What to work on:
Using the data beneath this instruction, retype only the lines from the one that contains "Cozy Fireside October Comfort" down to the one that contains "Book cover of", both included, exactly as they appear.

Stored items from a collection:

_ _ _ _

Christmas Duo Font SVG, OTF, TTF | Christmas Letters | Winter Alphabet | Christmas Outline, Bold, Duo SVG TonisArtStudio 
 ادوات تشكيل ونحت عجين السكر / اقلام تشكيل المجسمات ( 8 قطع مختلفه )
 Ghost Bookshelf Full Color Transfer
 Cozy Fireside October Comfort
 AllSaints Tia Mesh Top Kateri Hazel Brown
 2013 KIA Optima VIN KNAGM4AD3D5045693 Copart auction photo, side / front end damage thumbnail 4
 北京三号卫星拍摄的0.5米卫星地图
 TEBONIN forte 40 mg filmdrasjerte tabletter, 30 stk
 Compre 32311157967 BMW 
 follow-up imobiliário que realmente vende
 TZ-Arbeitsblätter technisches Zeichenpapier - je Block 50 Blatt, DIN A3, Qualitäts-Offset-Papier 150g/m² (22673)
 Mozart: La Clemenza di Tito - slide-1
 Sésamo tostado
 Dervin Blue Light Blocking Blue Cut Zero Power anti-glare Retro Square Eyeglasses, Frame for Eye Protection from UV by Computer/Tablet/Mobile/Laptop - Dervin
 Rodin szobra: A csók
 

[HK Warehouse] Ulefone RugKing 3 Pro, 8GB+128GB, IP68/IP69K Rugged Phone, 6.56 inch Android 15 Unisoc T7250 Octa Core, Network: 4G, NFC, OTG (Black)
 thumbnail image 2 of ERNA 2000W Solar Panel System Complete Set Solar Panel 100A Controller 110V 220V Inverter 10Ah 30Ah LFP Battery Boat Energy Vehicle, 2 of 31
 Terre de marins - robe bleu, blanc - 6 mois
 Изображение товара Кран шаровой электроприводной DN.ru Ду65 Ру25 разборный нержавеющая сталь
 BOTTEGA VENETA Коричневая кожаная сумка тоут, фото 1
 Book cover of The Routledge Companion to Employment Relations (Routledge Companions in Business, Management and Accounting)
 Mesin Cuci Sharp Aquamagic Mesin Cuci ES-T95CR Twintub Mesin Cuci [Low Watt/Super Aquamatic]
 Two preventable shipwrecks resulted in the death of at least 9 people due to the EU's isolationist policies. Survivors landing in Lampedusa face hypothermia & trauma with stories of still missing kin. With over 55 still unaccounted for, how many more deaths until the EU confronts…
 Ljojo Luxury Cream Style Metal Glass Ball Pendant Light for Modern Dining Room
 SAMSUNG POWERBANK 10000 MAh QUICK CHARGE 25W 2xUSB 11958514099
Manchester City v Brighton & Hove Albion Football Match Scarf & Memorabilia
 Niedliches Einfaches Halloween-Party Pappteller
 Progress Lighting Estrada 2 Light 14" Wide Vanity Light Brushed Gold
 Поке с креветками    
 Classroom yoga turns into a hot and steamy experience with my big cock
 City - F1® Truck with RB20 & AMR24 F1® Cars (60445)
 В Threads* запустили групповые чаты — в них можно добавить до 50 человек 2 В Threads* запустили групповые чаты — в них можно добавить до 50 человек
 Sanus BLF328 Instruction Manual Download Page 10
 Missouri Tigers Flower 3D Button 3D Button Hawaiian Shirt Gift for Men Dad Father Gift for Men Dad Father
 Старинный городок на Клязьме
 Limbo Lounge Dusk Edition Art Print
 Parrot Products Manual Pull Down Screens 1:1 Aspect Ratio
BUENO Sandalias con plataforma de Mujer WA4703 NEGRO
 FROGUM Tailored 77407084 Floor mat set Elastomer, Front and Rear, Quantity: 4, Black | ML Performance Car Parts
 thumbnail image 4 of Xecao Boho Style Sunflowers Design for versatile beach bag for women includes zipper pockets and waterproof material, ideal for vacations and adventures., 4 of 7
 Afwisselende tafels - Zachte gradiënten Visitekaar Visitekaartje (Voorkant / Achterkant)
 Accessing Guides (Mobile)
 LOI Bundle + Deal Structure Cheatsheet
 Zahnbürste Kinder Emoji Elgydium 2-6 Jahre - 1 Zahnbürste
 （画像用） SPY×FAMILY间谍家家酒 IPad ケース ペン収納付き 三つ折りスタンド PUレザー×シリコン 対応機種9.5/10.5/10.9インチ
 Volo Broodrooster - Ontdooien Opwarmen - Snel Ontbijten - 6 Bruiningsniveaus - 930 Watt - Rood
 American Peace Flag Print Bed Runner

_ _ _ _

Answer section:
 Cozy Fireside October Comfort
 AllSaints Tia Mesh Top Kateri Hazel Brown
 2013 KIA Optima VIN KNAGM4AD3D5045693 Copart auction photo, side / front end damage thumbnail 4
 北京三号卫星拍摄的0.5米卫星地图
 TEBONIN forte 40 mg filmdrasjerte tabletter, 30 stk
 Compre 32311157967 BMW 
 follow-up imobiliário que realmente vende
 TZ-Arbeitsblätter technisches Zeichenpapier - je Block 50 Blatt, DIN A3, Qualitäts-Offset-Papier 150g/m² (22673)
 Mozart: La Clemenza di Tito - slide-1
 Sésamo tostado
 Dervin Blue Light Blocking Blue Cut Zero Power anti-glare Retro Square Eyeglasses, Frame for Eye Protection from UV by Computer/Tablet/Mobile/Laptop - Dervin
 Rodin szobra: A csók
 

[HK Warehouse] Ulefone RugKing 3 Pro, 8GB+128GB, IP68/IP69K Rugged Phone, 6.56 inch Android 15 Unisoc T7250 Octa Core, Network: 4G, NFC, OTG (Black)
 thumbnail image 2 of ERNA 2000W Solar Panel System Complete Set Solar Panel 100A Controller 110V 220V Inverter 10Ah 30Ah LFP Battery Boat Energy Vehicle, 2 of 31
 Terre de marins - robe bleu, blanc - 6 mois
 Изображение товара Кран шаровой электроприводной DN.ru Ду65 Ру25 разборный нержавеющая сталь
 BOTTEGA VENETA Коричневая кожаная сумка тоут, фото 1
 Book cover of The Routledge Companion to Employment Relations (Routledge Companions in Business, Management and Accounting)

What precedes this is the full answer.